The Seattle Post Intelligencer is on the verge of shutting down its print publication and will likely either move to a web-only publication or close down completely unless it can find a buyer.
I am not claiming I have all of the answers and I certainly have the luxury of not having all of the details about union contracts, future liabilities, etc., but it seems like there are a couple of things they could do to turn things around in the short term
1. Local Media Should Be Practicing Local SEO
Whenever I talk with a news organization I always ask them to imagine what would happen if someone like Shoemoney took over their brand. I don’t know SM personally, but I imagine he wouldn’t spend a lot of time cranking out the news. Big media brands like SPI have a lot of power in the search engines. In theory they could rank for any local search they want to, including very high value searches such as “seattle dui attorney” ($20+ CPC!). If I were them I would find someone who understands how to do local seo (hint, hint), launch a Seattle yellow pages and start ranking for some high value local terms.
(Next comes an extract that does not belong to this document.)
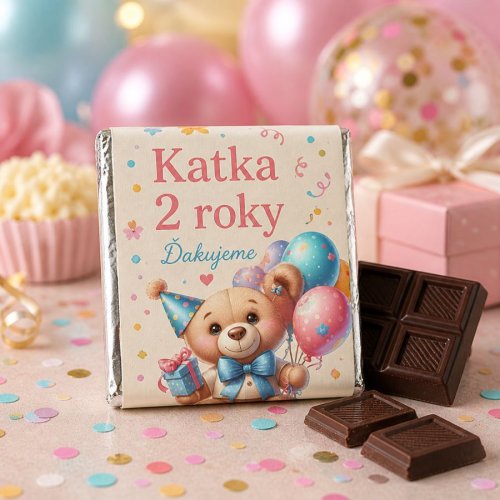 Čokoládky na narodeniny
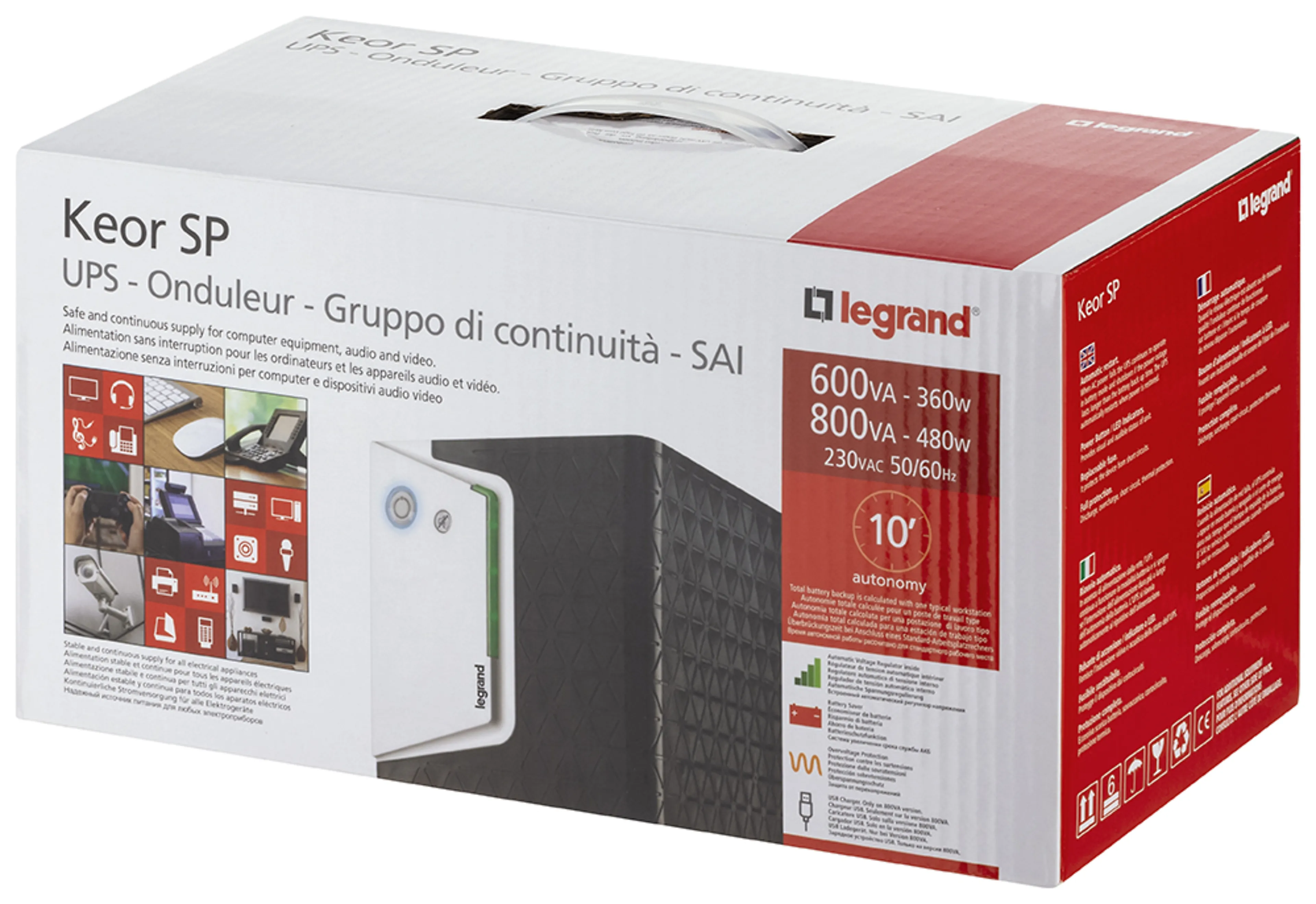 Legrand Keor ASI KEOR SP 2000 IEC - 2000VA - 1200W - Line interactive - 6x C13 - USB - VRLA 9Ah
2. Turn The Paper Into a News Bazaar
I know a journalist who started a blog while working at a big paper. The paper never got behind it and wanted him to stop blogging. Instead he cut a deal where he left the paper and got to keep the blog in exchange for sharing the content with them. The blog became a big deal and now the paper has no ownership in it. I have all of the respect in the world for journalists and we need them to be motivated to go after the good stories v. the good $, but given the state of the industry it may be time for more of them to take control of their own destinies. There are a number of stories of bloggers who have been both successful and able to focus on “good” journalism (e.g. Talking Points Memo which broke the attorney general firing scandal). If you think of the SPI brand as a marketplace or Kapalıçarşı, seems to me there is a model where enterprising journalists/bloggers can lease out a booth (e.g. Real Estate, Autos, etc.) and have a financial arrangement with the paper based on performance. Sure there would have to be some quality oversight (or not?) but if writers are publishing like their jobs depended on it, perhaps we would get no worse than what we are getting today, and we might even get better stories, as entrepreneurial writers seek to differentiate themselves by upping the quality of their work.